Hence we are unable to express any opinion on the same and the various
clauses in the annexure to this report.
5. Subject to the matter referred to in Paragraph 4 and its effect on
the accounts of the Company as indicated above, in our opinion and to
the best of our information and according to the explanations given to
us, the said accounts give the information required by the Companies
Act, 1956, in the manner so required and give a true and fair view in
conformity with the accounting principles generally accepted in India:
a) in the case of the Balance Sheet, of the state of affairs of the
Company as at 31st March, 2010; and
b) in the case of the Profit and Loss Account, of the Loss for the year
ended on that date.
ANNEXURE TO THE AUDITORS REPORT (REFERRED TO IN PARAGRAPH 3 OF OUR
REPORT OF EVEN DATE)
1. The Company does not have any fixed assets.
2. The Company did not have any inventory of finished goods, stores,
spare parts and raw materials, during the year. In the absence of any
stocks and any activity relating to inventory, the clauses relating to
its physical verification, procedures, maintenance of records and
discrepancies are not applicable.
3. As mentioned in the clause 4(vii) of the Audit Report, we have not
been able to verify the register to be maintained u/s. 301, and hence
we are unable to express any opinion on the loans granted to/ taken
from parties disclosed u/s. 301 of the Companies Act, 1956.
4. In our opinion and according to the information and explanations
given to us, there are adequate internal control procedures
commensurate with the size of the Company and nature of its business,
for purchases of fixed assets. The Company has not carried any activity
involving purchase of inventory and sale of goods. We have not noted
any continuing failure to correct major weakness in the internal
controls during the course of the audit.
5. As mentioned in the clause 5(vii) of the Audit Report, we have not
been able to verify the register to be maintained u/s. 301, hence we
are unable to express any opinion about transactions that need to be
entered into the register maintained u/s. 301 of the Companies Act,
1956.
6. The Company has not accepted any deposits from the public and
consequently, the directives issued by the Reserve Bank of India, the
provisions of Sections 58A and 58AA of the Companies Act, 1956 and the
rules framed thereunder are not applicable.
7. The Company did not have an internal audit system during the year
under report.
8. The Central Government has not prescribed the maintenance of cost
records under clause (d) of sub section (1) of section 209 of the
Companies Act, 1956 in respect of services rendered by the Company.
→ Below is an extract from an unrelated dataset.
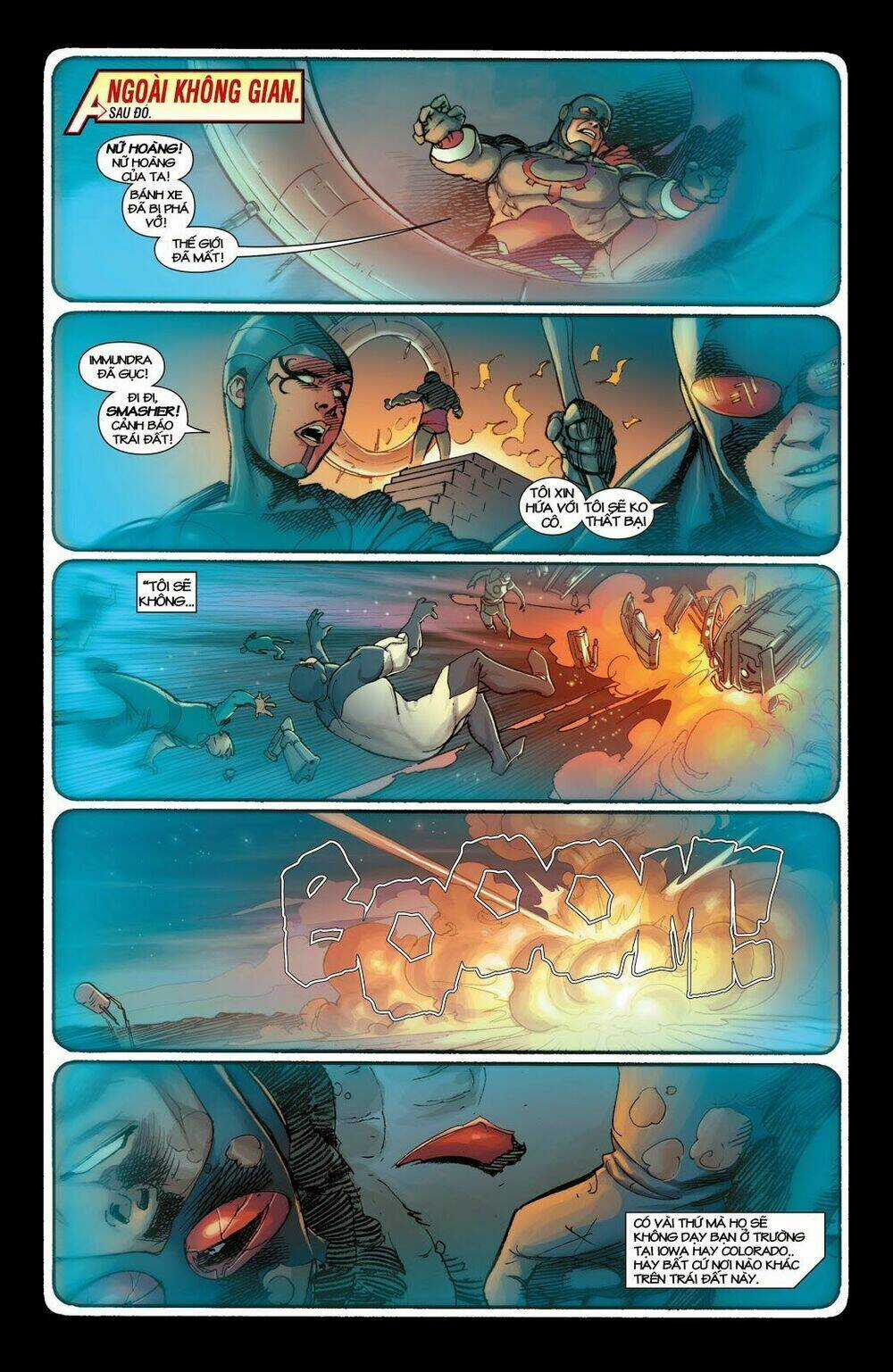 Avengers (2013) Chapter 5 trang 4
9. a) (i) According to the information and explanations given to us,
and on the basis of our examination of the books of account, the
Company has been generally regular in depositing with appropriate
authorities undisputed statutory dues including Income Tax and other
material statutory dues applicable to it.
(ii) According to the information and explanations given to us, the
Company was not liable for contribution towards Provident Fund,
Investor Education and Protection Fund, Employees State Insurance,
Sales Tax and Wealth Tax, Custom Duty, Excise Duty, and Cess during the
year.
(iii) According to the records of the Company there are no undisputed
arrears of statutory dues, which were outstanding as on 31st March,
2010 for a period of more than six months from the date they become
payable, except an amount of Rs. 1,13,394/- on account of income tax
for financial year 2007-08, and an amount of Rs. 6,761/- being Unpaid
Dividend (1998-99) has not been transferred to Investor Education and
Protection Fund.
b) According to the records of Company examined by us, there were no
dues of Sales Tax, Customs Duty, Wealth Tax and Cess which have not
been deposited on account of any dispute.
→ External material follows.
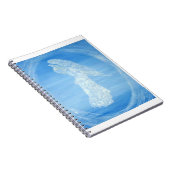 Angel Gabriel Notebook Notizblock (Rechte Seite)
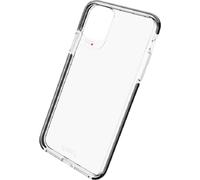 Gear 4 Piccadilly Coque Compatible avec iPhone 11 Pro Max, Coque Protectrice avec Haut Pouvoir Anti Choc et Technologie D3O Integrée, Noir 36570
10. There are no accumulated losses exceeding fifty percent of the net
worth of the Company at the end of the financial year. The Company has
incurred cash losses during the current financial year and the
preceding financial year.
11. The Company has neither taken any loans from a financial
institution or a bank nor issued any debentures.
12. The Company has not granted loans and advances on the basis of
security by way of pledge of shares, debentures and other securities.
13. In our opinion and according to information and explanations given
to us, the nature of activities of the Company does not attract any
special statute applicable to chit fund and nidhi/mutual benefit
fund/societies.
14. According to the information and explanations given to us, the
Company is not dealing in shares, securities, debentures and other
investments.
15. The Company has not given any guarantee for loans taken by others
from bank or financial institutions.
16. The Company has not obtained any new term loans during the
financial year.
17. The company has not raised any funds on short term/long term basis
during the financial year.
18. As mentioned in the clause 5(vii) of the Audit Report, we have not
been able to verify the register to be maintained u/s. 301, hence we
are unable to verify whether the Company has made any preferential
allotment of shares to parties and companies covered in the register
maintained under section 301 of the Act.
19. The Company has not issued any debentures. So the clause for
creation of securities in respect of debentures is not applicable to
the Company.
20. The Company has not raised any money by public issues during the
year. So the clause for disclosure on the end use of money raised by
public issues and its verification is not applicable to the Company.
21. During the course of our examination of the books and records of
the Company, carried out in accordance with the generally accepted
auditing practices in India, and according to the information and
explanations given to us, we have neither come across any instance of
fraud on or by the Company, nor have been informed of any such case by
the management.
For BHANGARIA & Co. ,
Chartered Accountants
NIKUNJ G. BHANGARIA
PROPRIETOR
M. No. 121369
PLACE : MUMBAI
DATED : 25th August 2010
Mar 31, 2009
1. We have audited the attached Balance Sheet of The Hingir Rampur
Coal Company Limited as at 31st March 2009, the related Profit and Loss
Account annexed thereto and the Cash Flow Statement for the year ended
on that date, which we have signed under reference to this report.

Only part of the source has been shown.